Re: Error message for invalid UTF-8 overlong forms should be improved

> Uploading a full document on a web server and posting the URL would save 
> us from guessing.
>   
Please see two test cases here:

http://arcticforest.com/tmp/test-EDA080.html
http://arcticforest.com/tmp/test-C1AA.html

For the first, the validator sees the bytes \xED\xA0\x80 and complains 
"utf8 "\xD800" does not map to Unicode".
For the second, the validator sees the bytes \xC1\xAA and complains 
"utf8 "\xC1" does not map to Unicode".

Given the differences I believe one of the two has to be incorrect.  In 
the first, the validator is complaining about \xD800, which is a numeric 
representation after 'decoding' three bytes as UTF-8.  In the second, 
the validator is complaining about \xC1, which is not the numeric 
representation after decoding anything but is rather the first octet 
encountered which is not part of a valid UTF-8 character.

It was my interpretation that the incorrect one was the second one.  I 
believe the error messages should be more like:

1: "utf8 "\xD800" does not map to Unicode".
2: "octet "\xC1" is not the start of a UTF-8 character".
>
> I don't know what you expect the data to contain, but the text editors 
> that I use don't correct "overlong forms".
>   
I included that as a side note.  The text editor I used was PSPad, which 
kept silently correcting \xC1\xAA to \x3A (the letter j) without letting 
me know, making testing difficult.  More concerning was that tools such 
as the WDG validator also silently converted it to another character and 
did not complain or count it as an error.  But that is of course a 
separate issue.
>
> What makes you think so? If I test a page containing \xC1 \xAA and 
> declared as UTF-8, the validator simply reports as quoted above, so it 
> only reports the first offending octet. The idea, I guess, is that this 
> is low-level data error that should be inspected using a text editor 
> suitable for the job, rather than a markup validator.

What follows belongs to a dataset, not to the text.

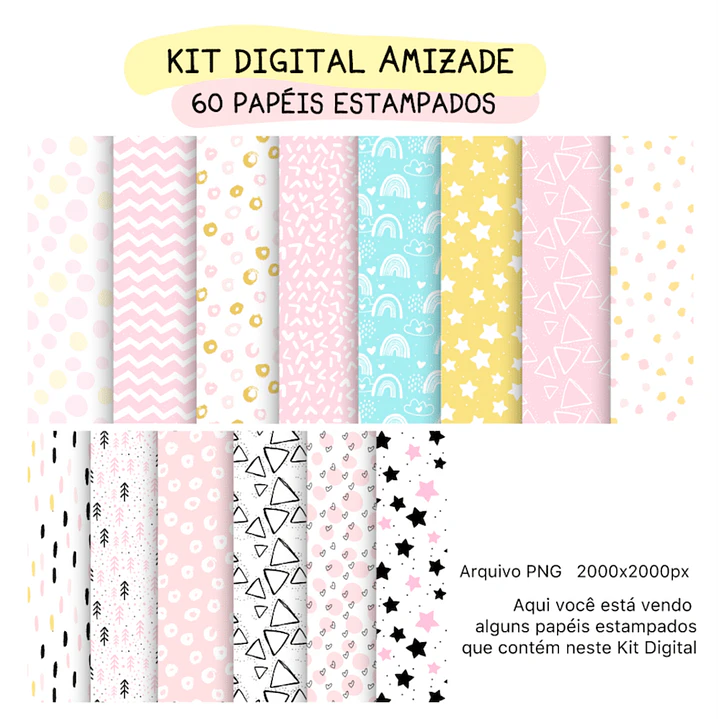 Kit Digital Arte Amizade Amigas Caneca Frases Best Friend Arquivos Png 10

The data would 
> equally be in error if claimed to be UTF-8 encoded plain text.
>   
Essentially, the first error was that the parser found that the UTF-8 
value \xD800 was not a valid Unicode character, and the second error was 
that the parser found that the octet \xC1 was not the first byte of a 
valid UTF-8 value.  The error messages don't give this distinction.

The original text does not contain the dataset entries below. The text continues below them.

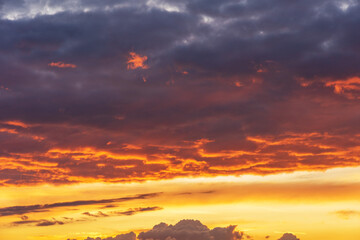 Beautiful background with evening sky
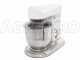 AgriEuro Premium Line FP107 - Planetary mixer - Stainless steel bowl 7,5L - Multi tool with quick hook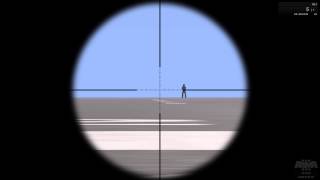 Sniping basics Finding the distance and adjusting the scope height [upl. by Fulbright]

My complaint was that for the first error message, it told me I had an 
invalid \xD800 and I had to find where my application was adding the 
UTF-8 representation of that, ie \xED\xA0\x80.  When I encountered the 
second error message, it told me I had an invalid \xC1 but when I 
searched for where my application was adding the UTF-8 representation of 
this, ie \xC3\x81, but I did not find it.  Instead, I discovered that 
the second error message was the same but was caused by a different 
condition.  It was this time referring to the octet \xC1 which was the 
first byte of the character.

The second message could be misunderstood to mean that the document 
contains the UTF-8 value \xC1 (which could be formed by the bytes 
\xC3\x81) which is invalid in Unicode.
>> \xC1 does map to a valid unicode character
>> (capital A with an accent).
>>     
>
> No it does not. The octet \xC1 means nothing in UTF-8. In ISO-8859-1, it 
> means U+00C1, but that's a different issue.
>   
Sorry, I realise of course you are correct, and yes it's different issue :)

Thanks,
Thomas

Received on Wednesday, 28 May 2008 11:18:53 UTC